When discussing the present results we must consider that in the present study X-sorted and non-sorted sperm were obtained from different ejaculates of the same bulls. It is known that the number and percentage of motile sperm of bovine semen ejaculates can vary [34] which may affect fertilization results after AI or IVF. Experiment 1 solved this problem since the optimized sperm concentrations resulted in similar fertilization rates by the X-sorted and non-sorted sperm despite the different ejaculates from each bull. It is not clear if post-fertilization embryo development varies between ejaculates from the same bull. Nevertheless, DNA integrity in spermatozoa (which could theoretically affect post-fertilization embryo development) does not seem to vary greatly amongst different ejaculates from the same bull [35] which suggests that ejaculate differences might not affect embryo production as long as the health condition of the bull is maintained.

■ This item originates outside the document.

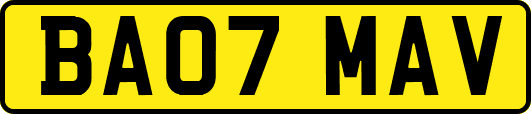 BA07MAV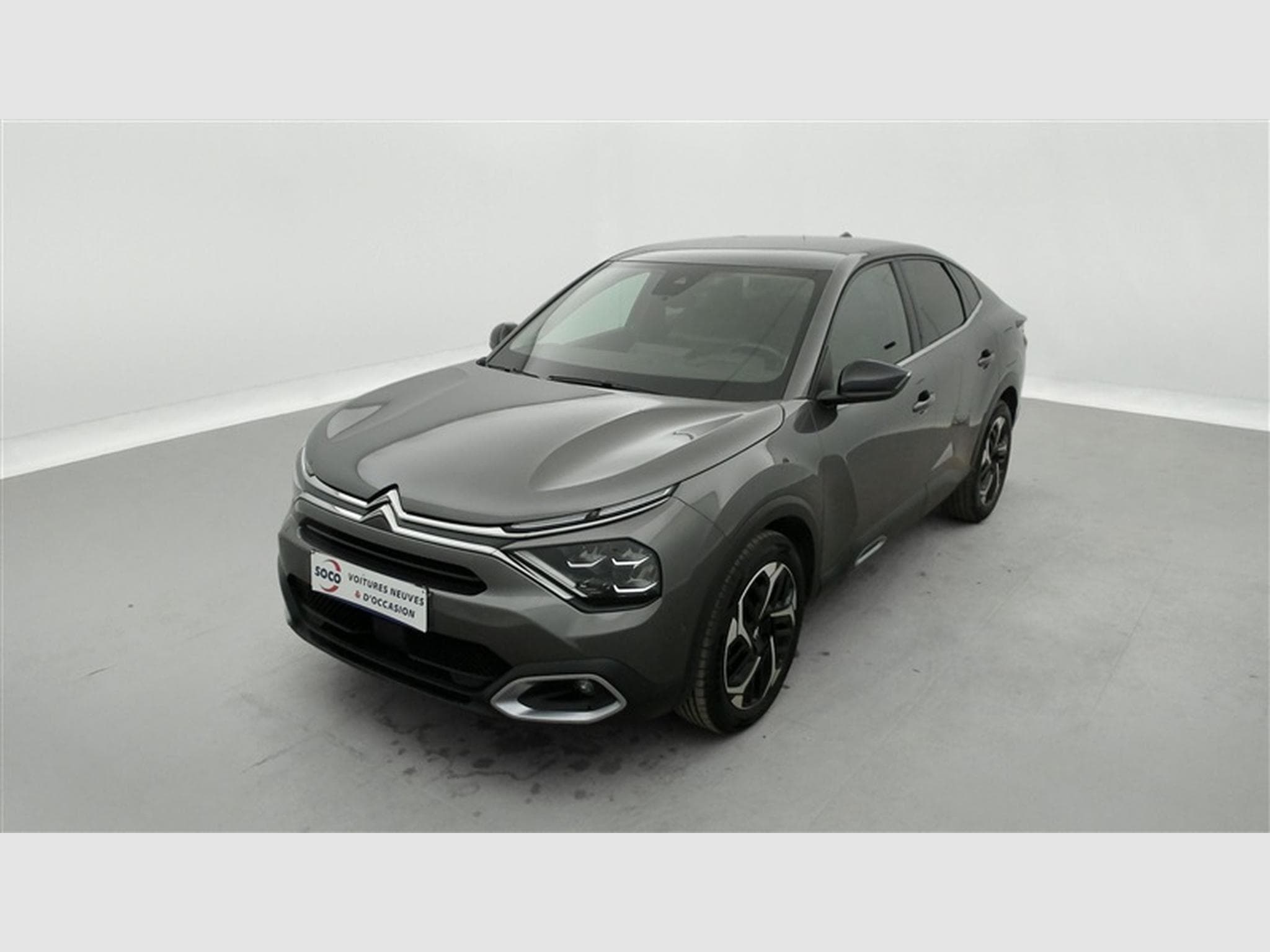 Citroen C4 X 1.2 PureTech 130cv EAT8 Shine NAVI / CARPLAY / CAMERA (2023) - Photo 1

In conclusion, in our system, variation of the fertility of semen amongst bulls was observed; however, it was not associated with X-sorting. When sperm concentration for IVF was optimized for each bull in a way that resulted in similar fertilization rate amongst the 4 bulls, reduced blastocyst development was associated with X-sorted sperm in one bull. Further research will be needed to clarify if bull-dependent developmental anomalies caused by sperm sorting affect pregnancy and calving rates following embryo transfer.